How to write regex for XML which removes unescaped ampersand characters except CDATA?

Question

For example, I have XML like this:

<title>Very bad XML with & (unescaped)</title>
<title>Good XML with &amp; and &#x3E; (escaped)</title>
<title><![CDATA[ Good XML with & in CDATA ]]></title>

My task is to remove invalid ampersand characters from XML, but excluding those ampersand characters that are in CDATA. I found a regex that do it:

&(?!(?:apos|quot|[gl]t|amp);|#)

but unfortunately, it also removes ampersand characters from CDATA. How can I change this regex so that it satisfies my task?
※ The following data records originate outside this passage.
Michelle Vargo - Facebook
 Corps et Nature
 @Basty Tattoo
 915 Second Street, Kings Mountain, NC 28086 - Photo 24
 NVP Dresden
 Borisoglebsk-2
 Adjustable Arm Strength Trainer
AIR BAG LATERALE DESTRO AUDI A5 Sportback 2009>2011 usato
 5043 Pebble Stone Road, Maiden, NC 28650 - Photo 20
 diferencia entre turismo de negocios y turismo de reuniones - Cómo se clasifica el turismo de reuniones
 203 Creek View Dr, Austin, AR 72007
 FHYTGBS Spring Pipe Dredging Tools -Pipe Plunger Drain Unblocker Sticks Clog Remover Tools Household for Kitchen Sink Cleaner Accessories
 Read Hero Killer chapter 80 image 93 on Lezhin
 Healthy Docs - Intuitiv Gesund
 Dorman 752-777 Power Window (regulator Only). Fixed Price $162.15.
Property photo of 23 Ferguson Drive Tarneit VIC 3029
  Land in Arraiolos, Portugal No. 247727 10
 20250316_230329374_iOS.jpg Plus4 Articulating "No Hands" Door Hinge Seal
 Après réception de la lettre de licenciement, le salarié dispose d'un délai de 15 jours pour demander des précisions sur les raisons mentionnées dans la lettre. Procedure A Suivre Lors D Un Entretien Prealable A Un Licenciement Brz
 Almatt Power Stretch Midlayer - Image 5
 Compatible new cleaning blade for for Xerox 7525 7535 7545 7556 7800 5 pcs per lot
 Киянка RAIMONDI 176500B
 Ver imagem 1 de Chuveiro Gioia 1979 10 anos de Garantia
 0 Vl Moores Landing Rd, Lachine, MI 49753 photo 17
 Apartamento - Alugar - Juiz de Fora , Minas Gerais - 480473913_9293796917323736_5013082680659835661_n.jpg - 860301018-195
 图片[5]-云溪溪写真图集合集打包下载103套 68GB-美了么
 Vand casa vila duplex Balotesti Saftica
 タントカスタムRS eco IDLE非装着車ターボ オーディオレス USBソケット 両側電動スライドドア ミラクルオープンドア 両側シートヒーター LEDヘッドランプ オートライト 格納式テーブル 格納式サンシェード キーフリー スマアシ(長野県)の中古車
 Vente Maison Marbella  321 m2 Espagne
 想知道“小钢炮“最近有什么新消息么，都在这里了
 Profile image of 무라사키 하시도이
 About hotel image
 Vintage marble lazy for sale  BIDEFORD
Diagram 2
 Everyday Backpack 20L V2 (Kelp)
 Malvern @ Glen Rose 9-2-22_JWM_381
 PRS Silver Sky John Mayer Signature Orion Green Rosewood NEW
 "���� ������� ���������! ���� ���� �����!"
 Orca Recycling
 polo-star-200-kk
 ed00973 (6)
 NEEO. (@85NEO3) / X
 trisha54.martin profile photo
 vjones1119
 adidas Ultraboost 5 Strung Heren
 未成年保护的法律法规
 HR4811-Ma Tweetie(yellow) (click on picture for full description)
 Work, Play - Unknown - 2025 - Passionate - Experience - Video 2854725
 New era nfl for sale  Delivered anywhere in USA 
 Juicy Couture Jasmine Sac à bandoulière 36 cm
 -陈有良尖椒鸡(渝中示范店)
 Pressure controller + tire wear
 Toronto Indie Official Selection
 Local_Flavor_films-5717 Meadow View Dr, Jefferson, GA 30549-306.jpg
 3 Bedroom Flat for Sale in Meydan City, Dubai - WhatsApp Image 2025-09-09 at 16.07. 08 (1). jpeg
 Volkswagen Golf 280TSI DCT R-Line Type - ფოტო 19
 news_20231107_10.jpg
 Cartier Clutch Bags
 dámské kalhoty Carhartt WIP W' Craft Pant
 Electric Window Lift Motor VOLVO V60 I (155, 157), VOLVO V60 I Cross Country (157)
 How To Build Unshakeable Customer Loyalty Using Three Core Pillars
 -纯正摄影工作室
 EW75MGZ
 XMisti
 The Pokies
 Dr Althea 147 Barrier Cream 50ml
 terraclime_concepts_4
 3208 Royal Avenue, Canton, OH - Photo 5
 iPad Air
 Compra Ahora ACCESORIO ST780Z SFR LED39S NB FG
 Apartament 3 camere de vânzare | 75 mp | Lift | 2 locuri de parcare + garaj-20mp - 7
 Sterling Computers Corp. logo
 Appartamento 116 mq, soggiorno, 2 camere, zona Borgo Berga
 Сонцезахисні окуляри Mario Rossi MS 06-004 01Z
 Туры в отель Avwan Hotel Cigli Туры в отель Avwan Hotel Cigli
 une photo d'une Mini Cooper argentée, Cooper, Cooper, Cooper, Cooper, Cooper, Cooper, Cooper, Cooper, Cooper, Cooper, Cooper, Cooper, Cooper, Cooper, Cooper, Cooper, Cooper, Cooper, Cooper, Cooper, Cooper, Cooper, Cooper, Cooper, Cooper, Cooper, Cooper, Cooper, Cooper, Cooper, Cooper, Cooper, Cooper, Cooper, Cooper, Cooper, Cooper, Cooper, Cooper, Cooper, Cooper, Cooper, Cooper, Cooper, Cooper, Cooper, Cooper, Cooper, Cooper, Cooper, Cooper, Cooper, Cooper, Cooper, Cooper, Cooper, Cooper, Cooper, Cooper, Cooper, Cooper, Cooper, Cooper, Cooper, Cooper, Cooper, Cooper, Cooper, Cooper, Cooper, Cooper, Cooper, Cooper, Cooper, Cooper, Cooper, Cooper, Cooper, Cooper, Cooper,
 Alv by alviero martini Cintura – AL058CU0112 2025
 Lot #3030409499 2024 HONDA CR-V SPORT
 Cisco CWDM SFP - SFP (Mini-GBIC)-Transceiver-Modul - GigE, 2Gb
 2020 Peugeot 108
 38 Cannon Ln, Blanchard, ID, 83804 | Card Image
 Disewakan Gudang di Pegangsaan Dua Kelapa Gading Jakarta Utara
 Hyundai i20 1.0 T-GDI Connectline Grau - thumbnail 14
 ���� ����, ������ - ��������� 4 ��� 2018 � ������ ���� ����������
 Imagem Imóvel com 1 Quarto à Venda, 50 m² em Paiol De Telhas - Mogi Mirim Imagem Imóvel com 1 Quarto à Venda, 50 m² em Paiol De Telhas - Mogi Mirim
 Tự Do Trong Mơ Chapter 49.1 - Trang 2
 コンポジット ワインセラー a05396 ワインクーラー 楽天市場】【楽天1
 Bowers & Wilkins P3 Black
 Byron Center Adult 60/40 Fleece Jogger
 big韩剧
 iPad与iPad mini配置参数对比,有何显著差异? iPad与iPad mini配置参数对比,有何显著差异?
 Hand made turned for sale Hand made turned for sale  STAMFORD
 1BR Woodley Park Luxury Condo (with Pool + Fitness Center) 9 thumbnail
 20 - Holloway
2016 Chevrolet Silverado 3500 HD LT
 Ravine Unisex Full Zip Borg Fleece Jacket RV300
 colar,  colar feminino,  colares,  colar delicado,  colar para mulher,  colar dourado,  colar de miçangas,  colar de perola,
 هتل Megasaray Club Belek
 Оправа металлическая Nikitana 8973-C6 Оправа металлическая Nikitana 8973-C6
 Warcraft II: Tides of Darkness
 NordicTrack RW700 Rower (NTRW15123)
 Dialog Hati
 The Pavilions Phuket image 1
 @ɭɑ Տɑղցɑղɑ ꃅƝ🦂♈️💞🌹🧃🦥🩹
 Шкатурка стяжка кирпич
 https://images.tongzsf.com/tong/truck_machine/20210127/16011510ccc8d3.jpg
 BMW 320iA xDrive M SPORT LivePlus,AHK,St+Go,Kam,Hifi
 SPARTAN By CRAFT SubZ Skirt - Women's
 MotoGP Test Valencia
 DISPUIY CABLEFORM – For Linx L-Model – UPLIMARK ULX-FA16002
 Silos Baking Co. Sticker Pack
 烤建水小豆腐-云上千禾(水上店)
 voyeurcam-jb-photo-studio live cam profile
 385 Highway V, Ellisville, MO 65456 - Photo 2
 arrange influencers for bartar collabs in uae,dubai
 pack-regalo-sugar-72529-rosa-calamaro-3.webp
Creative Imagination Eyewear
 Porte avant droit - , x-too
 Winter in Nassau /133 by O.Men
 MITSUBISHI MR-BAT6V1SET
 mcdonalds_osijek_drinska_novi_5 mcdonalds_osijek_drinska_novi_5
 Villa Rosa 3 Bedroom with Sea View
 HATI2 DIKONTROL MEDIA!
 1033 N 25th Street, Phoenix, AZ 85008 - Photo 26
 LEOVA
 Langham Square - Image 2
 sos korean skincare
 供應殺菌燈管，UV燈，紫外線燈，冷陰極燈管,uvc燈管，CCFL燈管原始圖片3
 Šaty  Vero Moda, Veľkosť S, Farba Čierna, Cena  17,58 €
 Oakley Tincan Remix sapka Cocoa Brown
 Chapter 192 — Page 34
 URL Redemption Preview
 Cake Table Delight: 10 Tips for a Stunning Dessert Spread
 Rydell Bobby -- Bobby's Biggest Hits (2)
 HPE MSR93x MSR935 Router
Using regular expressions to manipulate structured formats is inherently broken. Use an XML-aware tool and perhaps inside of that a simple regex. — tripleee, Dec 11 '19 at 16:05
This must be done dynamically in the programm code before I pass it to the XML parser, because special symbols makes XML invalid for the parser. — proninyaroslav, Dec 11 '19 at 16:11
Which program? Written in which language? There is probably a way to do what you ask, but again, a monster regex is not a good approach. See also https://stackoverflow.com/questions/590747/using-regular-expressions-to-parse-html-why-no (which discusses HTML primarily; but the pertinent issues are the same). — tripleee, Dec 11 '19 at 16:14
RSS viewer that written on Java. I use SAX parser from std lib. — proninyaroslav, Dec 11 '19 at 16:17
Gross, that RSS feed isn't valid XML. People are just puking data in-between tags. If they want to do that, then they should be wrapping the text of those `title` elements in CDATA — Mads Hansen, Dec 11 '19 at 16:37
Basically `[tag:regex] + [tag:xml] = divide by zero error`: [H̸̡̪̯ͨ͊̽̅̾̎Ȩ̬̩̾͛ͪ̈́̀́͘ ̶̧̨̱̹̭̯ͧ̾ͬC̷̙̲̝͖ͭ̏ͥͮ͟Oͮ͏̮̪̝͍M̲̖͊̒ͪͩͬ̚̚͜Ȇ̴̟̟͙̞ͩ͌͝S̨̥̫͎̭ͯ̿̔̀ͅ](https://stackoverflow.com/questions/1732348/regex-match-open-tags-except-xhtml-self-contained-tags) — ctwheels, Dec 11 '19 at 16:41
@MadsHansen is right, it's not XML, but based on your comments, you know that. If you cannot fix the source, in the spirit of "I know, I know, but what can I do?" see [my answer below](https://stackoverflow.com/a/59290597/290085). — kjhughes, Dec 11 '19 at 17:03
You might consider using TagSoup to parse this feed http://vrici.lojban.org/~cowan/XML/tagsoup/ — Mads Hansen, Dec 11 '19 at 17:25

score 3 · Accepted Answer · answered Dec 11 '19 at 16:55

As you're aware, the "XML" isn't XML due to the unescaped & outside of CDATA. Thus, you're stuck having to pre-process without the benefit of an XML parser to differentiate between CDATA and PCDATA. That's rough, and regex isn't up to to the task for all the reasons that regex isn't up to parsing XML.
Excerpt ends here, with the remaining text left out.